(Items listed in a dataset)
::::::::::
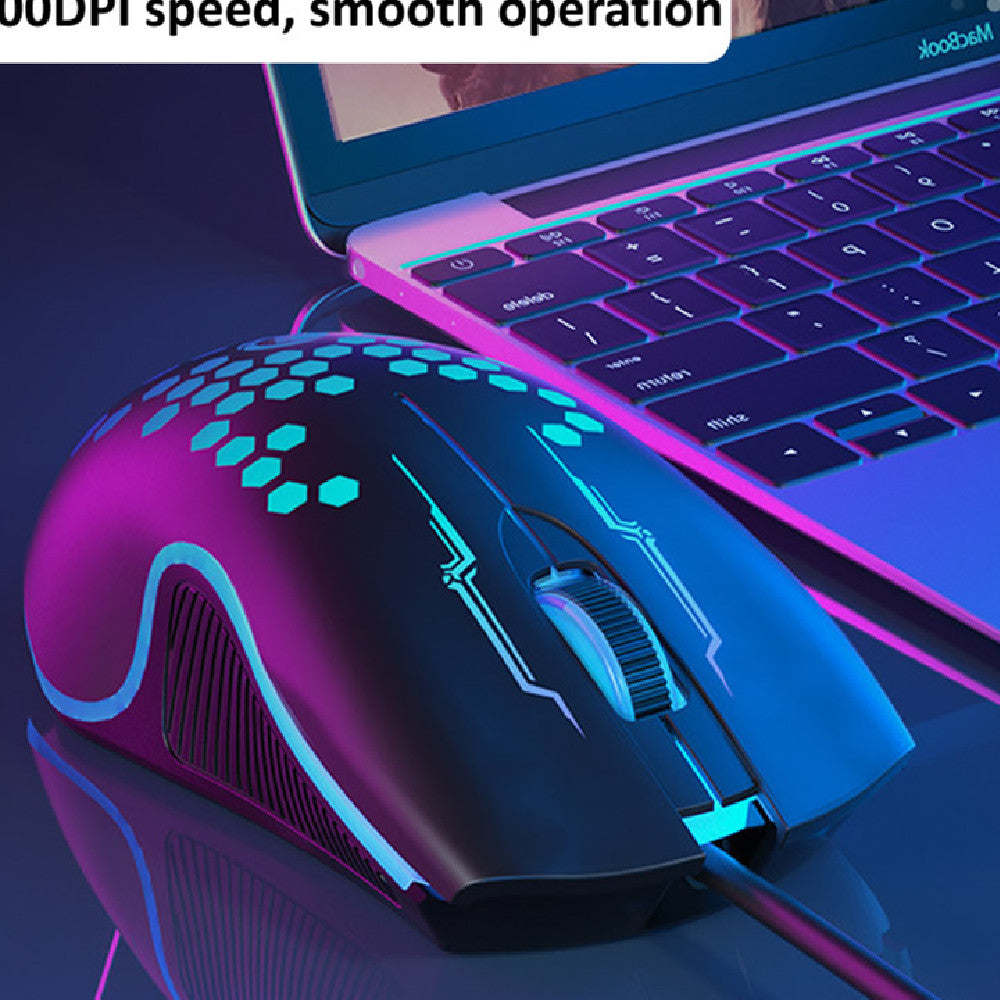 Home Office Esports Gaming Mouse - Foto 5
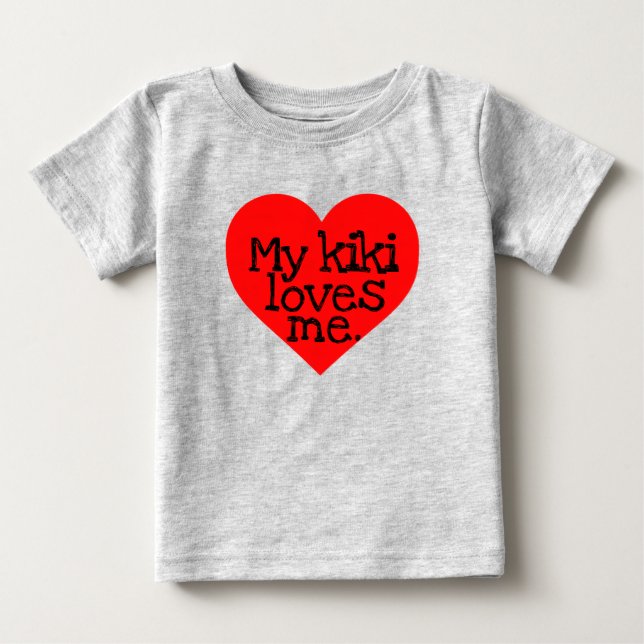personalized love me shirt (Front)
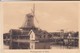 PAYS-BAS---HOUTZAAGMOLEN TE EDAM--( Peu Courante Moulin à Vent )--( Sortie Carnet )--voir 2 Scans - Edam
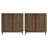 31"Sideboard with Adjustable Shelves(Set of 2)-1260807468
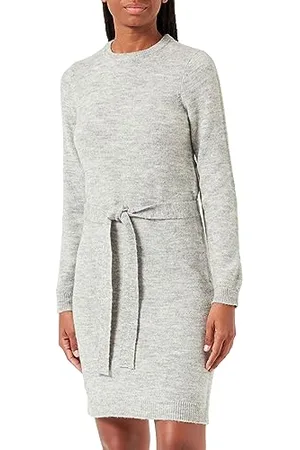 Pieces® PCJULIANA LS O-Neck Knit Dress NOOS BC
::::::::::
THE TASK
Quote the data exactly, leaving every image out of the copy.

OUTPUT FOR THIS TASK
 Home Office Esports Gaming Mouse - Foto 5
personalized love me shirt (Front)
 PAYS-BAS---HOUTZAAGMOLEN TE EDAM--( Peu Courante Moulin à Vent )--( Sortie Carnet )--voir 2 Scans - Edam
 31"Sideboard with Adjustable Shelves(Set of 2)-1260807468
 Pieces® PCJULIANA LS O-Neck Knit Dress NOOS BC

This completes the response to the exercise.